Other Stuff–The World is a Wonderful, Strange Place

by Lynn on May 22, 2016

in The Passionate Playgoer

Other Stuff

The World is a Wonderful, Strange Place.

I was at the Big Bang Data exhibit at Somerset House in London in January, that looked at collecting data using technology over the years. Incredible. Gazillions of bits of data are collected every day. There were computers of every size. In glassed cases were black flat squares of about 3”. There were called ‘floppy disks.” I think I’ve heard of them. Then there was a round shiny flat disk called a CD. I’ve heard of them. In another case was a narrow piece of metal and plastic bit (it seemed) called a ‘memory stick.’ I have several of them. In a dark room were large bean-bag ‘chairs’ on the floor. You could flop down on one of them, tilt back and look up at the ceiling alive with moving stars, formulae and other moving objects. It was tempting to flop down but I feared I would never be able get back up again in a graceful manner, so I didn’t.

My favourite was this: at the beginning of the exhibit was a large yellow panel on which was the explanation, in several paragraphs, of what the exhibit was and its intention. Very interesting. But standing in front of me was a young woman who put up her cell phone and took a picture of the panel, then moved on. She didn’t read the panel.

I noted this to two guards in one of the rooms, mentioning that the world is an odd place. One of them said, “She’ll probably post it to Facebook.” The other said, “And everybody will “like” it. And then we all said, “And nobody will have actually read it.”


I went to the McMichael Gallery in Kleinburg, Ontario,for the first time last week—I’m so embarrassed to admit that. What a glorious, wonderful place and space. The main stone/wood building housing the gallery collection is nestled on 10 acres of woodland just north of Toronto. It must be incredible in the Fall. The McMichael Gallery is the home of a huge collection of the Group of Seven Canadian painters, formed in 1920. The Group are: Franklin Carmichael, Lawren Harris, A.Y. Jackson, Frank Johnston, Arthur Lismer, J.E.H MacDonald and Frederick Varley.

Lawren Harris is the fellah who caught comedian Steve Martin’s art-collecting-eye and he curated a whole exhibition of his paintings in Los Angeles and soon, (beginning July 1) at the Art Gallery of Ontario. But I digress.

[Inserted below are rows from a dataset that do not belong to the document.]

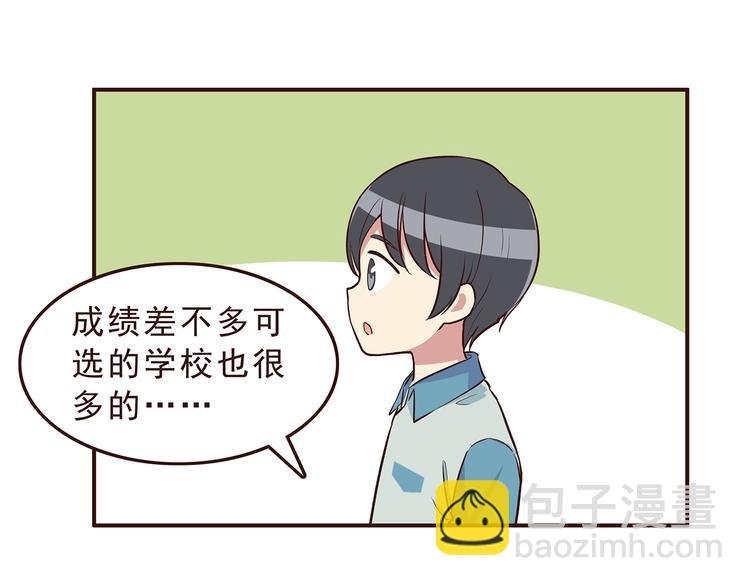 第29话 爱情没有巧合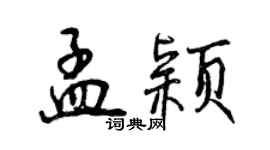 曾慶福孟穎行書個性簽名怎么寫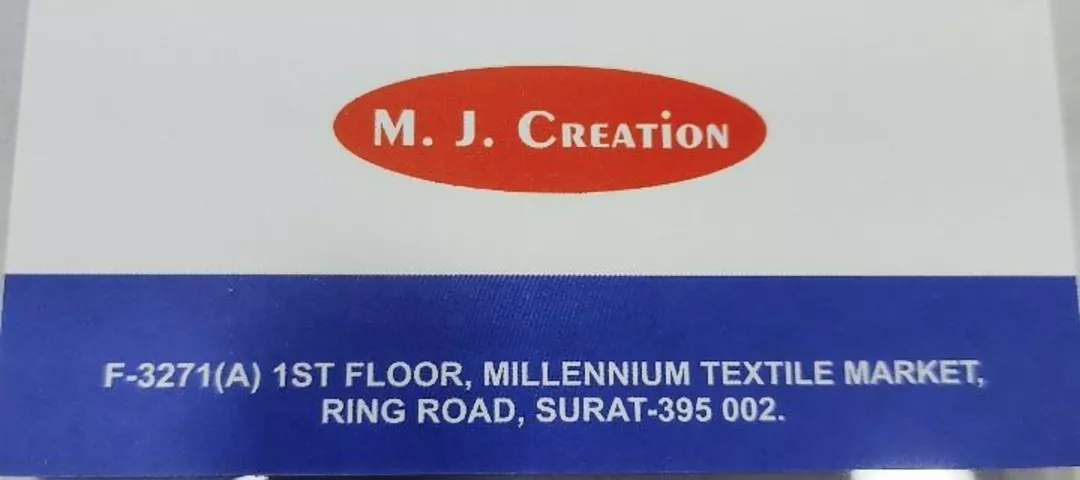 Visiting card store images of M. J. CREATION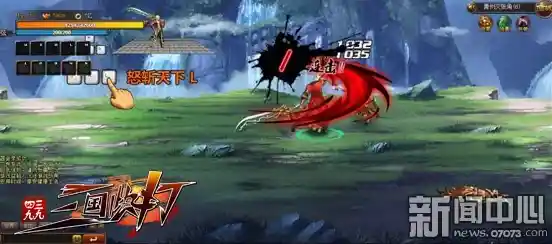 谁说街机武侠已过时?傲剑狂刀加强版》超强招式+虚拟摇杆带你重回经典! 谁说街机武侠已过时?傲剑狂刀加强版》超强招式+虚拟摇杆带你重回经典!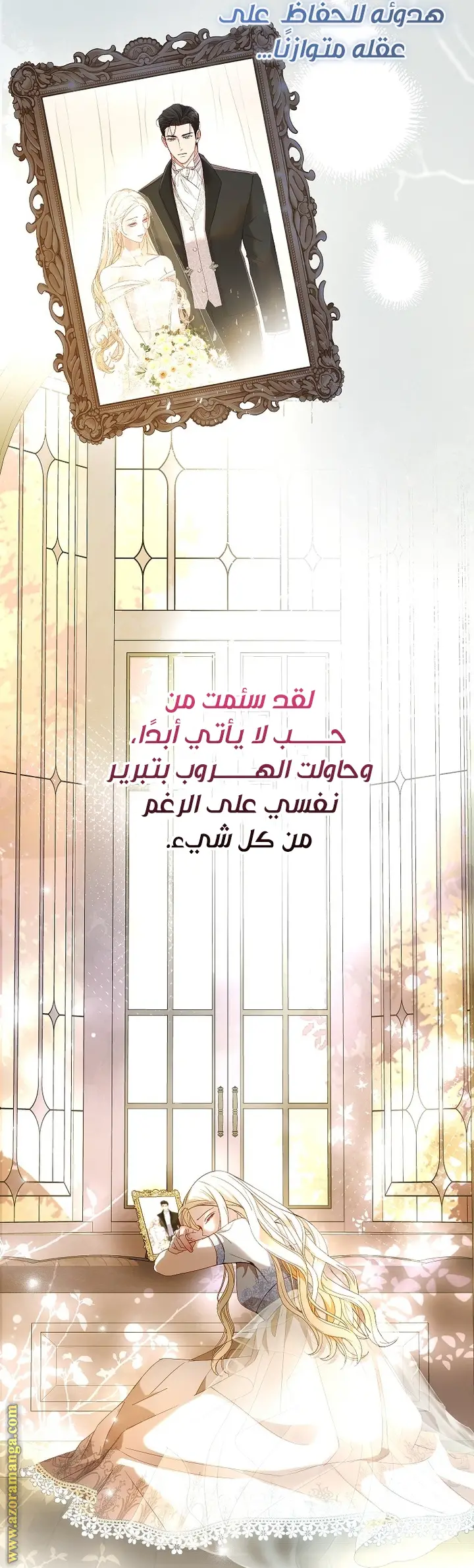 الصفحة 23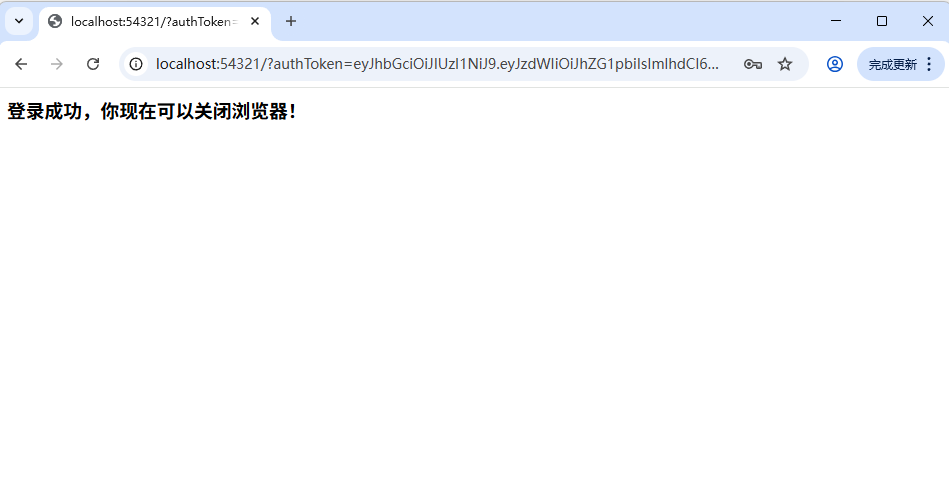 登录成功后，可关闭此窗口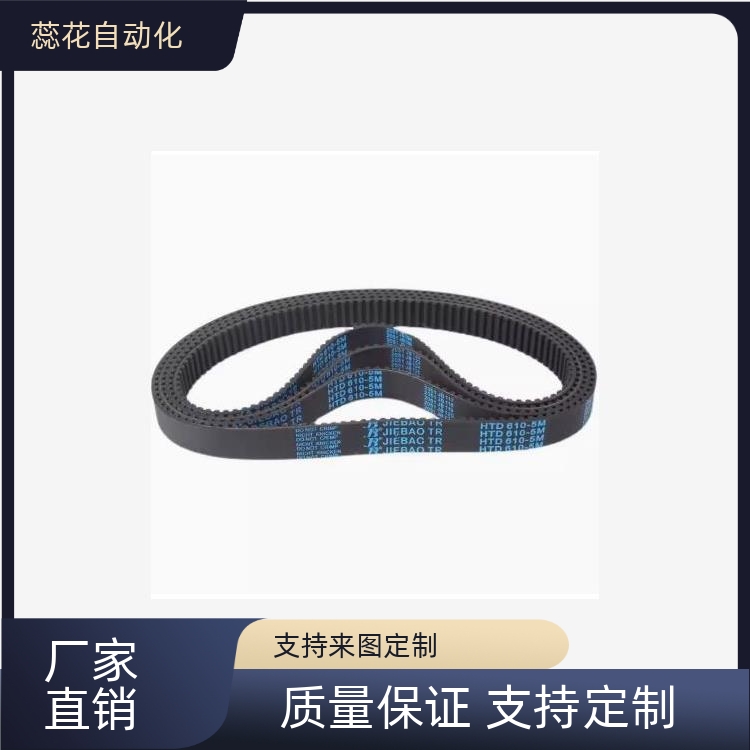 替同步带C-HTBN150 180 186 190 194 200 204S2M-40 60 100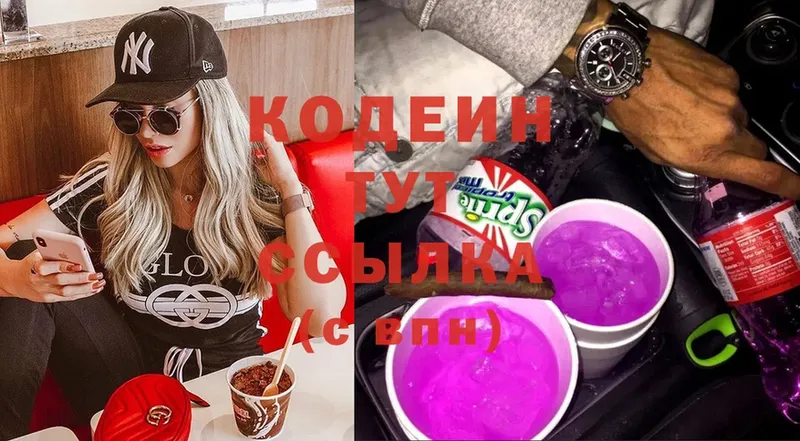 наркотики  Бавлы  Codein Purple Drank 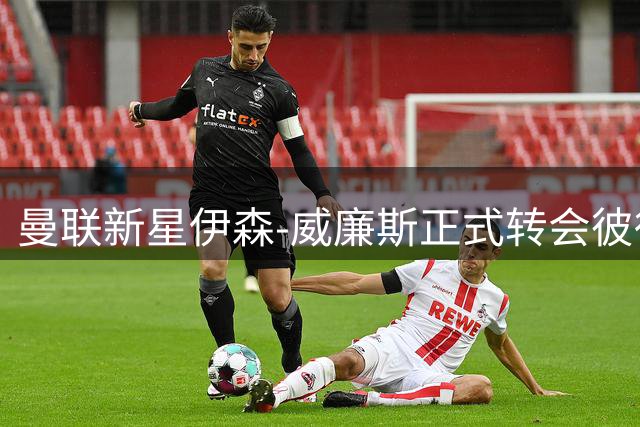 曼联新星伊森-威廉斯正式转会彼得堡联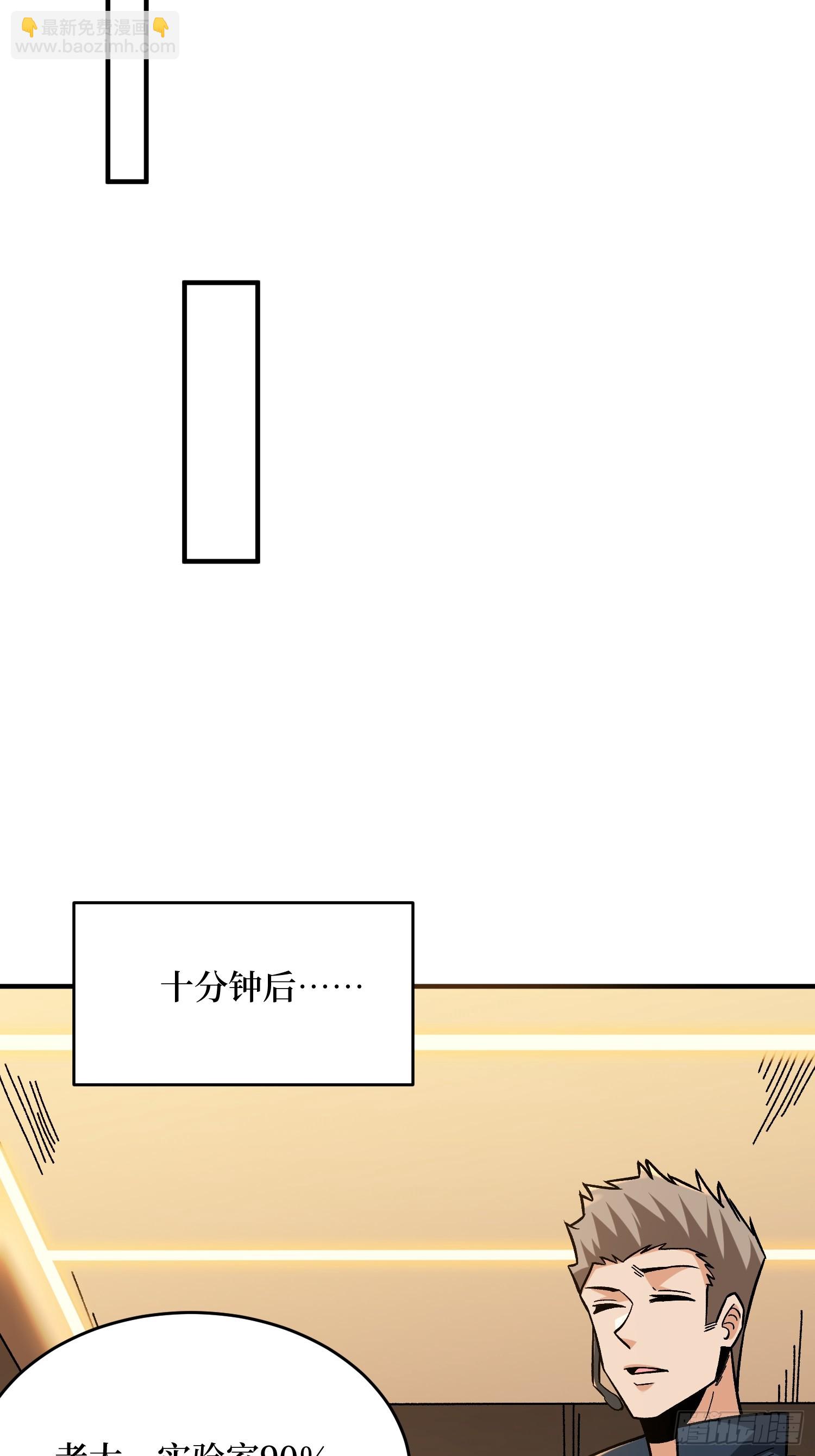 第266话 帝王之怒(1/2)-第266话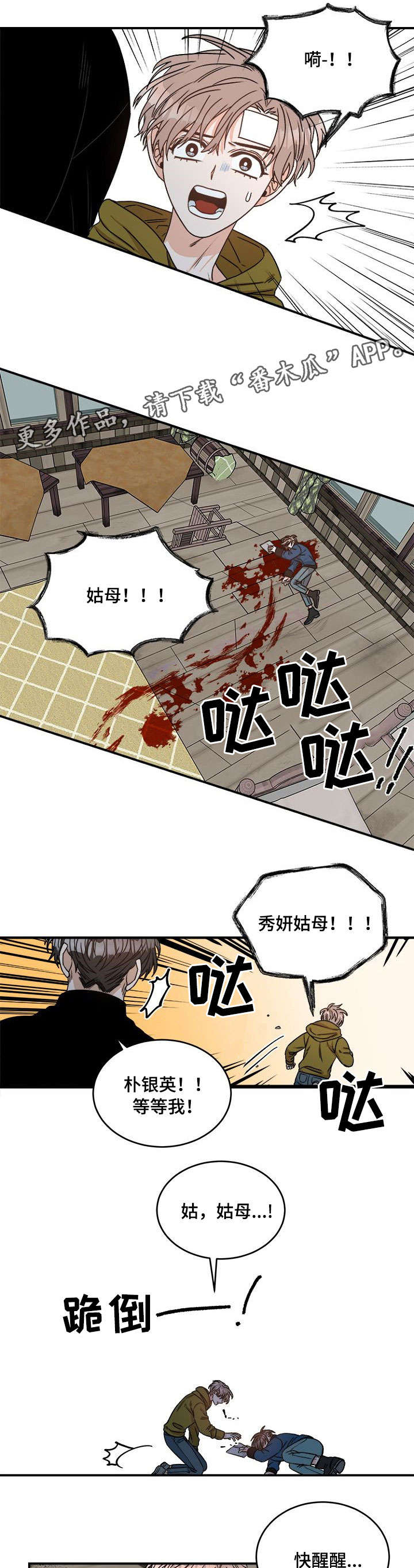 《生存强者》漫画最新章节第7章：姑姑免费下拉式在线观看章节第【7】张图片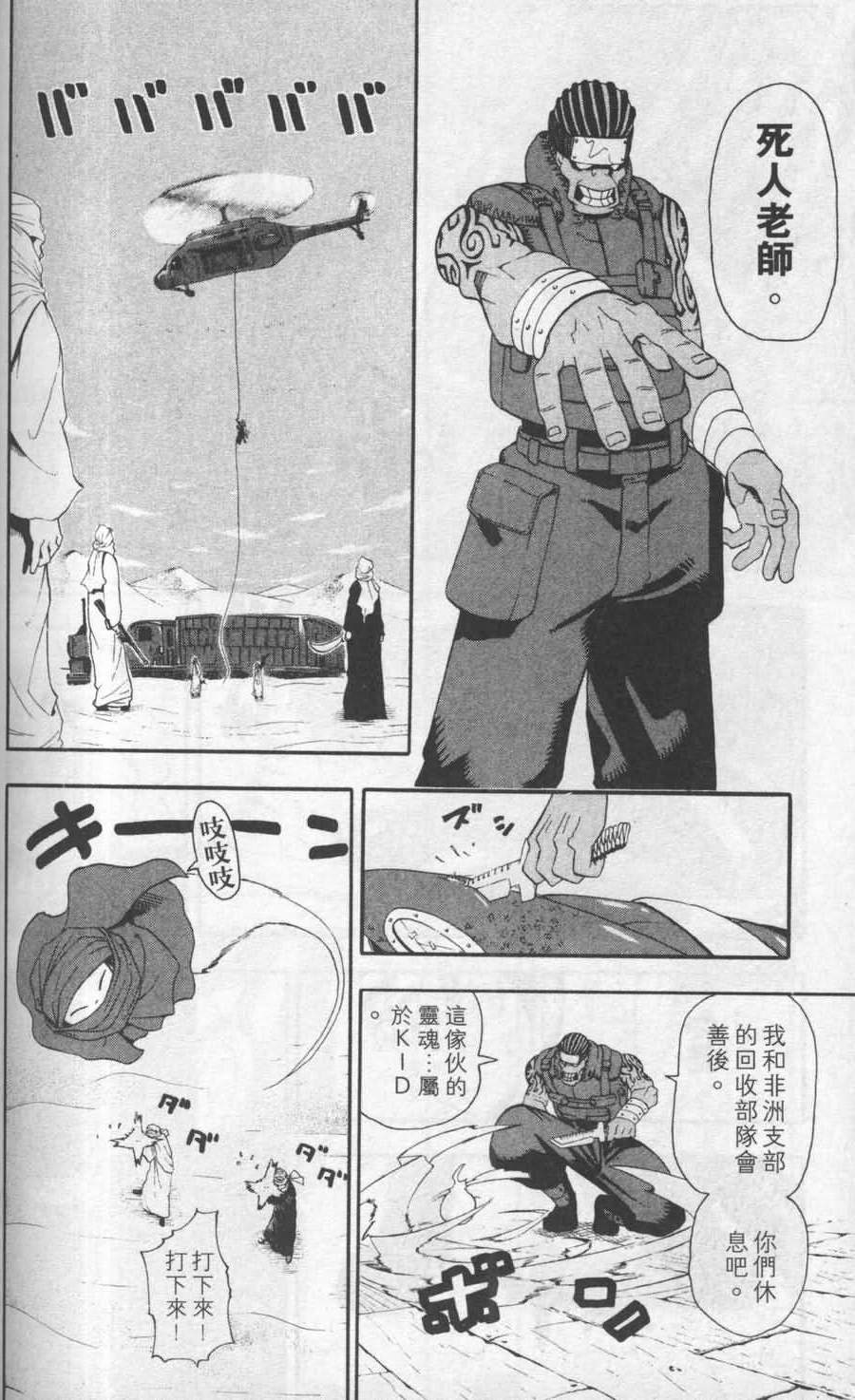 第166页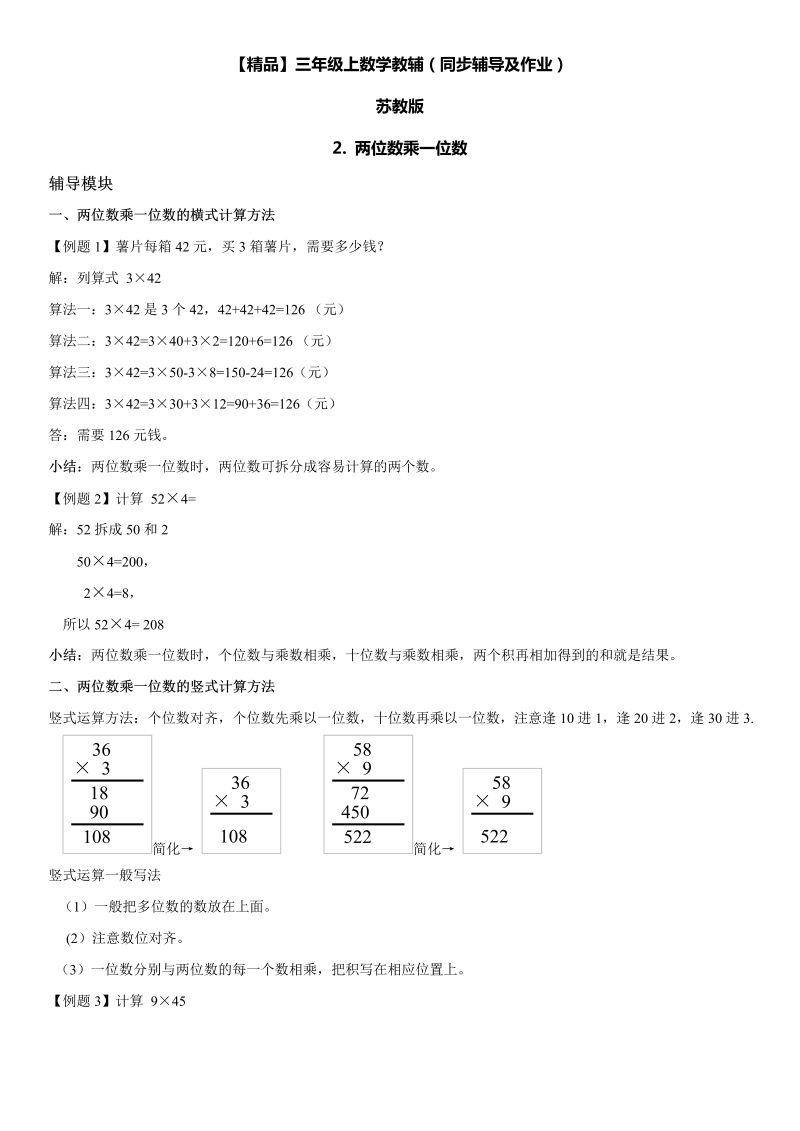 三年级数学上册  2 两位数乘一位数同步辅导及作业（苏教版）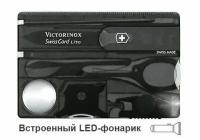 Швейцарская карточка Victorinox SwissCard Lite, черная, 0.7333. T3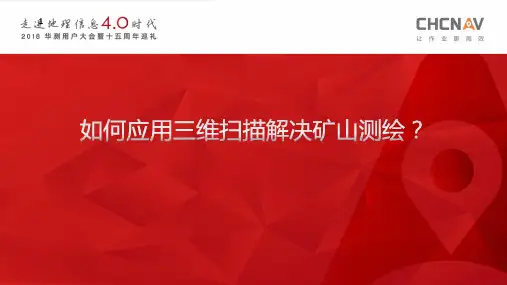 华测三维扫描与激光雷达应用于矿山测量PPT幻灯片课件
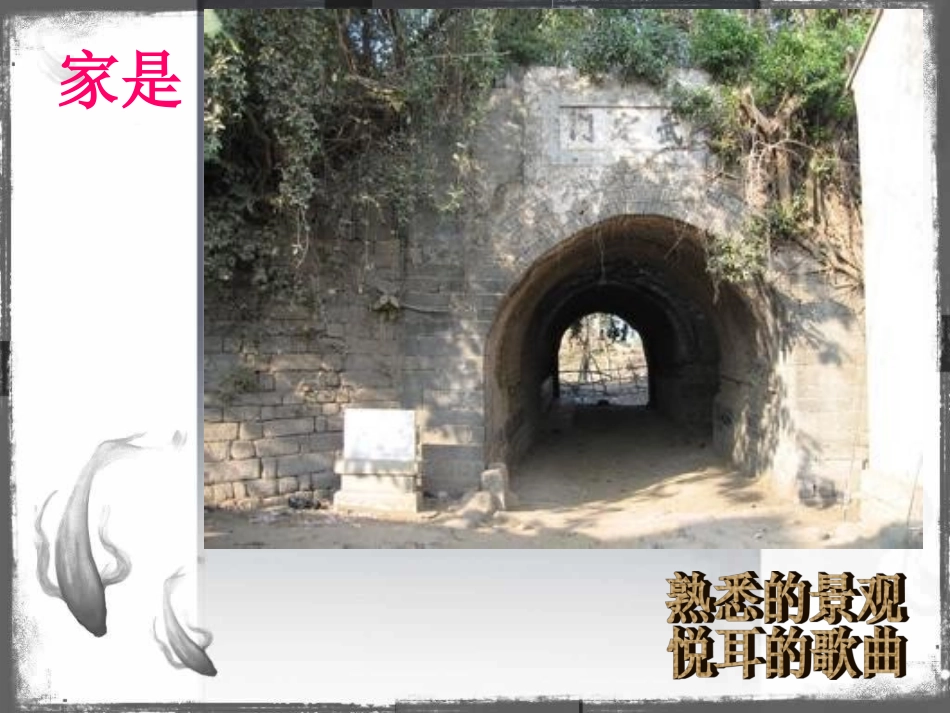 归去来兮辞（并序）_第2页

The collection of The Group of Seven and the other artists in their sphere (hello Tom Thomson and Emily Carr to name two) are beautifully displayed at the McMichael. Your jaw drops when you stand in front of any of those works, gazing at the vistas, landscapes and life that the artists captured. Often they painted outdoors in harsh weather. In some cases, A.Y. Jackson for example, the brush strokes catch the light in the gallery and the light shimmers on the canvas. Stunning.

Lawren Harris captures the cold, isolation and beautiful solitude of the north. You look at any of his paintings and you start to shiver, they are that powerful.

In one of the rooms a man stood in front of a painting, aimed his camera, took the picture, looked down to see that the shot was captured then moved to the next painting and did the same thing—he aimed the camera, took the shot, checked it and moved on. At no time did he stand in front of any painting and actually look at it.


Also at the McMichael Gallery, the windows in the building are huge and high. Light pours into the place in public areas. The collection is protected by being inside areas that have muted artificial lighting. But those public areas are wonderful. Every window looks on nature. Trees grow down slopes on hills. Foliage, trees, vistas are everywhere. I can hardly wait to come back in the Fall to see the colours. The good folks who planned this space know how beautiful the views are from the windows and have placed comfortable chairs and sofas close to the windows, facing out to see the scenery. In one corner of one space is a collection of children’s books to be read, either by the child her/himself or a taller person to read to the child. Fabulous.

A couple of a certain age sat quietly in two of the chairs facing the window. The woman looked out at the beauty. Her husband had his head tilted down, his eyes glued to his cell phone screen as his thumb jabbed at the screen flipping and flipping through his e-mail—ignoring the beauty. Sigh.